Opinión | Tribuna
Juan Ortega, el último clásico
Él no es igual a nadie porque, como pasa en el barrio sevillano en el que nació, hasta la luz de sus calles, sus imágenes religiosas y su cante jondo son diferentes al otro lado de la misma orilla
Torea este lunes en la Feria de Fallas junto a Cayetano y Borja Jiménez
La tauromaquia de Juan Ortega prolonga las constantes de su pensamiento moral y sentimental. No podía ser de otro modo sobre todo si se tienen en cuenta los arraigos culturales del torero y su apego vital al barrio de Triana, el punto geográfico donde creció y vivió Juan Belmonte, el hilo de su cuerda del toreo, la poderosa y determinante influencia gitana, el orgullo de la distinción del pueblo, la desgarrada búsqueda de la trascendencia, la expresividad del dolor vital.
Él no es igual a nadie porque, como pasa en el barrio sevillano en el que nació, hasta la luz de sus calles, sus imágenes religiosas y su cante jondo son diferentes al otro lado de la misma orilla, en apenas unos metros de distancia.
Así que lo que permanece vivo en Juan Ortega es sin duda, y antes que ninguna otra estimación, lo que suele llamarse paradigma generacional: la íntegra lección de su torería añeja, de una forma que esgrime los aparejos de su honradez y unas maneras que conectan con el caudal histórico del río Guadalquivir, la orilla que convirtió la lidia cruenta en espectáculo artístico para las masas gracias a la honda emoción belmontina y el magisterio gallista.

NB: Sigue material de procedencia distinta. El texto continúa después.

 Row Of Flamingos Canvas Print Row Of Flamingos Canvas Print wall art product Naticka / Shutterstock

Ortega, un auténtico apasionado de épocas pasadas que rebusca en viejas imágenes y filmaciones taurinas, camina por la misma senda que Antonio Montes, quien ejercía de monaguillo en la parroquia trianera de Santa Ana y fue el profeta de Juan Belmonte, la piedra filosofal del toreo que adentró a la propia Triana en la cuna de la tauromaquia gracias a la creación del temple, un nuevo compás para prolongar la emoción del toro y el toreo.

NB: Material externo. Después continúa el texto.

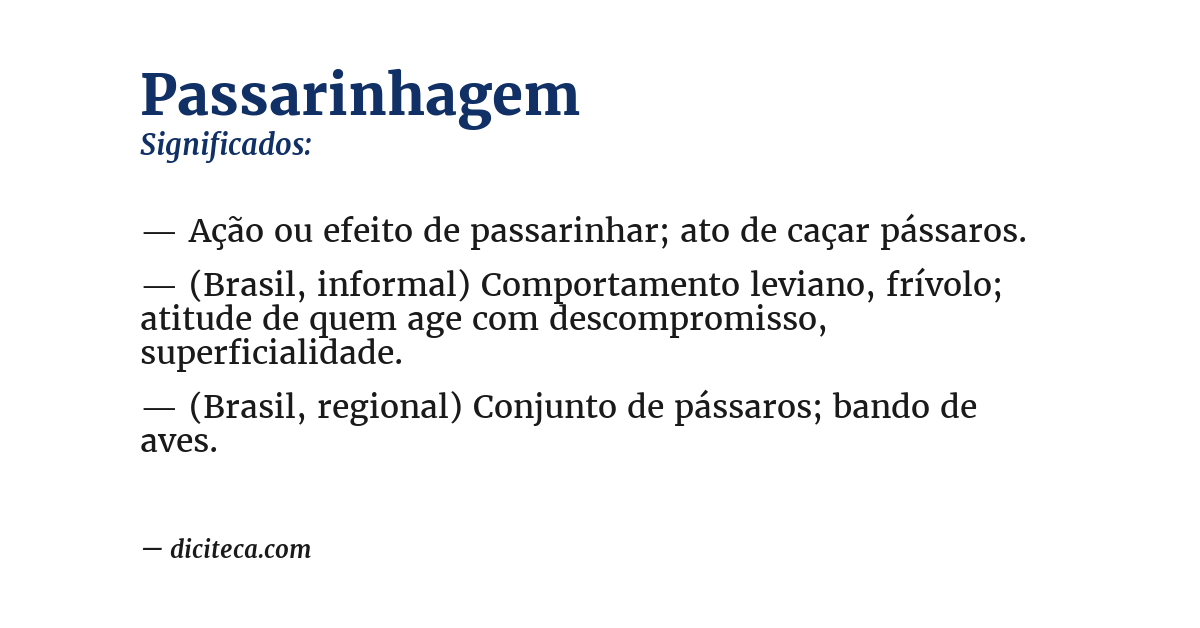 Significado de passarinhagem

Ese saber estar y ese caminar pausado por la plaza -que no lento-, con esa naturalidad para asumir el riesgo, sin tensionarse, ni alterar ni siquiera el rictus hasta en los momentos más complicados. Esa forma de entrar y salir de la cara del toro y de mantener el tipo entre la confianza en sí mismo y la resignación de los caprichos del destino es profundamente sevillana. Todo eso es la plasmación torera de una sabiduría de siglos que busca de igual manera la emoción del arte en deslumbrantes puestas en escena, pero también en el más mínimo detalle como puede ser un genial gesto del cuerpo nacido de la gracia sencilla de un culto popular grabado en los genes de su barrio.

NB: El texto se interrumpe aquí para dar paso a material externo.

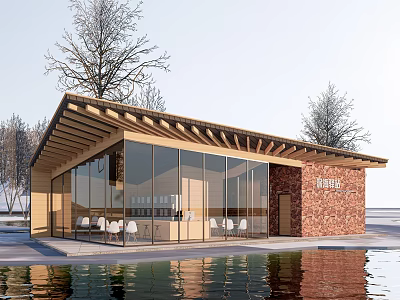 Modern Waterfront Visitor Center With Wooden Roof Glass Curtain Walls And Red Brick Accents 3d model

Su expresión se sustenta en gran parte sobre el concepto de Pepín Martín Vázquez, el mito sevillano de la posguerra que tenía esa gracia mágica para mover los engaños tanto para hacer el toreo más hondo como para adornarlo. Ortega también bebe del ángel de Rafael de Paula, el misterio de Curro Romero o la torería de Antonio Bienvenida como si su toreo fuera una prolongación de todos ellos reunidos en su concepto. Maestros del toreo que constituyen una muy significativa antología de su manera de entender el toreo por la sencilla razón de que en Juan, a través de fugaces pinceladas, se rejuvenecen y se sienten como una nueva experiencia poética.